Keep the text of the data exactly as it is and omit each picture from the copy.

_Data_.
────────────────────
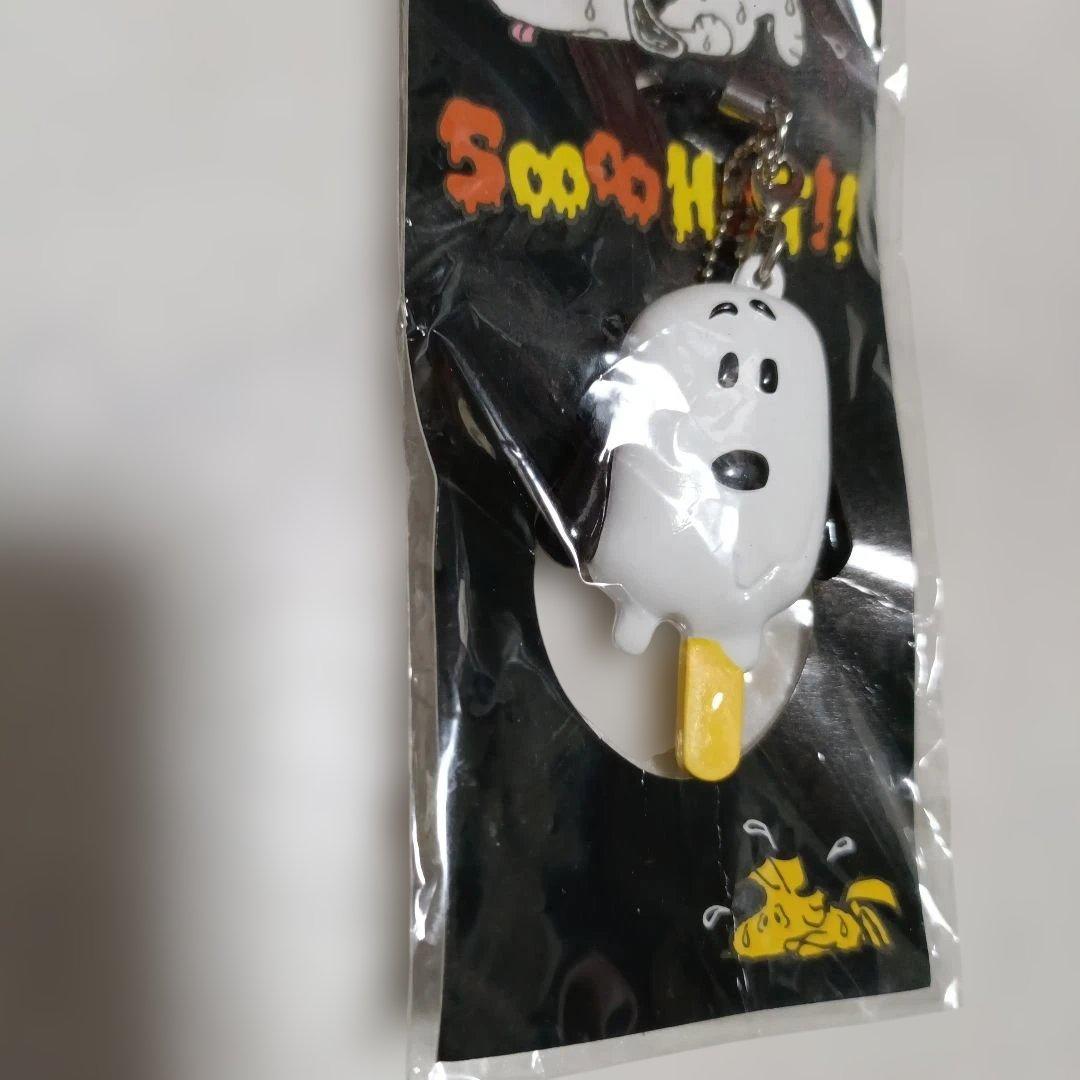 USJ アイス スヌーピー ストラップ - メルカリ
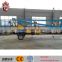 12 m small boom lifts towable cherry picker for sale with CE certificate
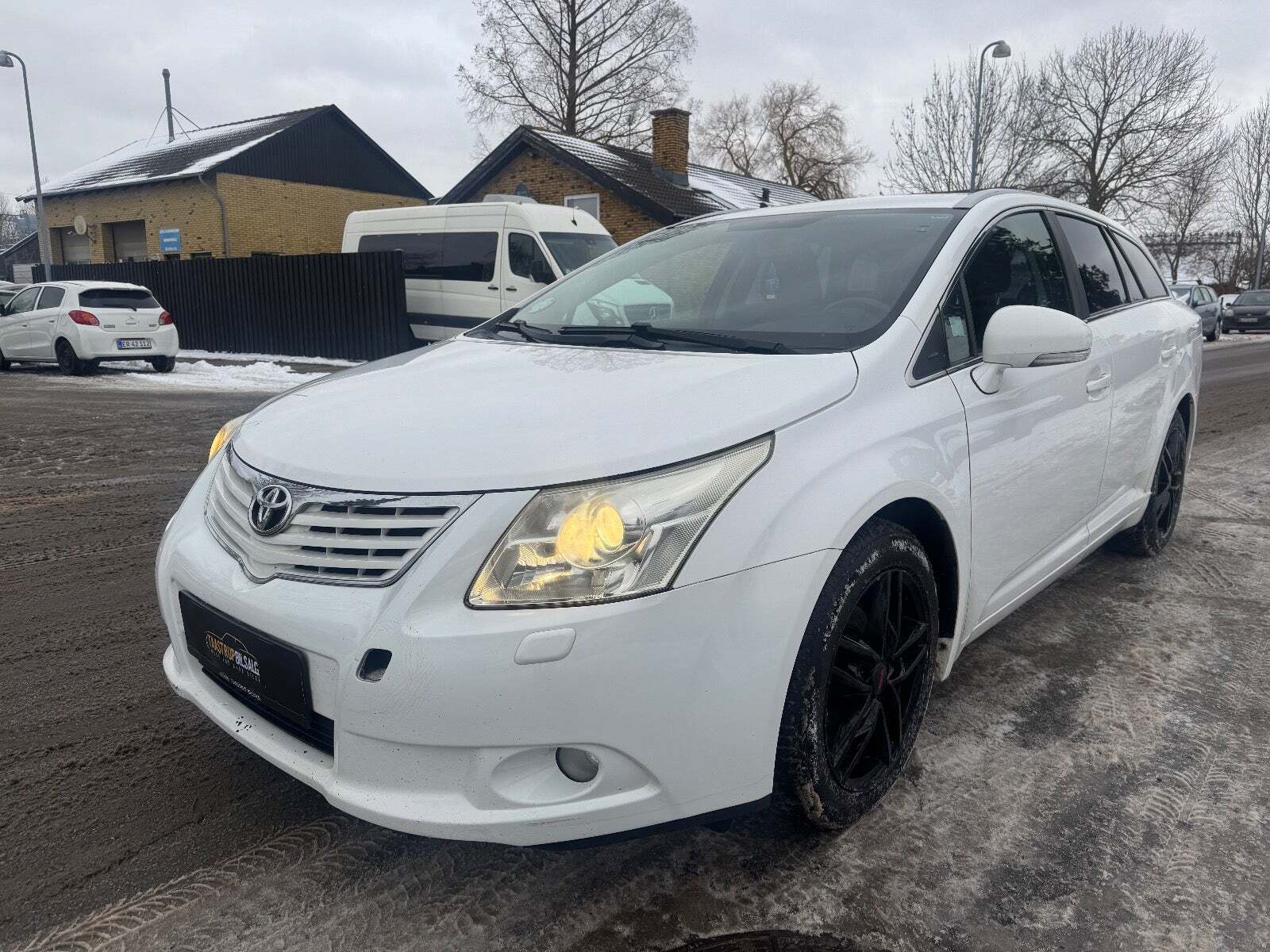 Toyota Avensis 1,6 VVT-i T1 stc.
────────────────────
_Task solution_.
 USJ アイス スヌーピー ストラップ - メルカリ
 12 m small boom lifts towable cherry picker for sale with CE certificate
 Toyota Avensis 1,6 VVT-i T1 stc.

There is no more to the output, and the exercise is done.